Migrating the Moshi Monsters backend from SVN to Git

Currently at Mindcandy we use a combination of SVN and Git for all our code. This is because storing lots of frequently changed binary Flash assets in Git is a pretty bad idea. There was also some legacy code that would benefit from moving to Git, but finding the time to do anything about it had been difficult.

Thanks to some recent cleanup and changes, some of those barriers have been disappearing, so over the last couple of days I’ve been getting the Moshi Monsters backend migrated over. It ended up being quite involved, and as we’ll hopefully be migrating more code over, I decided to write-up how I did it.

Problem

Migrating a large SVN repository to Git can cause issues when it contains a large amount of history, tags and branches. This is primarily due to the differences in the way that SVN and Git handle commits and branches.

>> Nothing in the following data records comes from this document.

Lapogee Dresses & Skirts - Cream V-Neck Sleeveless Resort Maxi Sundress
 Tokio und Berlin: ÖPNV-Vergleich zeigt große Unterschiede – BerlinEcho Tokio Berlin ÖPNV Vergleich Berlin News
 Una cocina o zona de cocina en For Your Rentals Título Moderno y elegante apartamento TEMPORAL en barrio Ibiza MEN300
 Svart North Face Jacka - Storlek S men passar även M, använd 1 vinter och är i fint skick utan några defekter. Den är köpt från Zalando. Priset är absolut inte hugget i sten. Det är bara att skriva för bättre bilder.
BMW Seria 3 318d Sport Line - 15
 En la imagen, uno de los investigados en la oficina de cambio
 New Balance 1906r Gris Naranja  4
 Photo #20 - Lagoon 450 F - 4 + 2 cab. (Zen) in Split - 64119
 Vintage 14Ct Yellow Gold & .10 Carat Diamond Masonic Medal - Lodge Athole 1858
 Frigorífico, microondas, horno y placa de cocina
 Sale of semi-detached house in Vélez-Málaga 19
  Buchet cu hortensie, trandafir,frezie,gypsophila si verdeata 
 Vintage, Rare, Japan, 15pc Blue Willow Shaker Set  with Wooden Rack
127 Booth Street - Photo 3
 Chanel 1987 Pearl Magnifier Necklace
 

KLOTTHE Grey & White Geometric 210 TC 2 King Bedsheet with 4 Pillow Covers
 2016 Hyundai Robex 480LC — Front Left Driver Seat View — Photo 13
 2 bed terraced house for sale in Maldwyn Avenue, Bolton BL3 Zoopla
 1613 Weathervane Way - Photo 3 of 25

In short, when using git-svn to migrate, it’s necessary to pull down each commit from SVN, have Git calculate a commit hash for it, then re-commit that to the local repository. Furthermore, because SVN works by copying files for branches and doesn’t merge changes back into trunk in the same way as Git, it is also necessary to track back through every commit in a branch and calculate the commit information. Tags are awkward for similar reasons.

In a repository like the Moshi backend, with a little over 6 years history and plenty of old branches and tags, this can result in Git taking a lot of time, and a lot of CPU to try and go calculate this information, much of which is actually so old that it isn’t needed.

Interestingly though, if we ignore all the branches and tags and just pull down trunk into Git then the process takes about 10 minutes.

Solution

The decision was made to not migrate across all the branches and tags, but instead to get the entirety of the trunk history, and just a select number of the recent branches and tags. Unfortunately, this is a little fiddly to do with git-svn and requires a bit of config magic.

I’ll cover the commands necessary for doing this, however there is some other information that is useful when doing an SVN migration that this won’t go over. Primarily dealing with commit author name transformations. The http://git-scm.com/book/en/Git-and-Other-Systems-Migrating-to-Git site article covers that in more detail.

Commands

The first step is simple enough thankfully, and just requires cloning the SVN repository trunk folder, making sure to tell git-svn that this is just trunk. You can do this by using the -T or –trunk flags, which will make sure Git knows that there could be other folders containing the tags or branches.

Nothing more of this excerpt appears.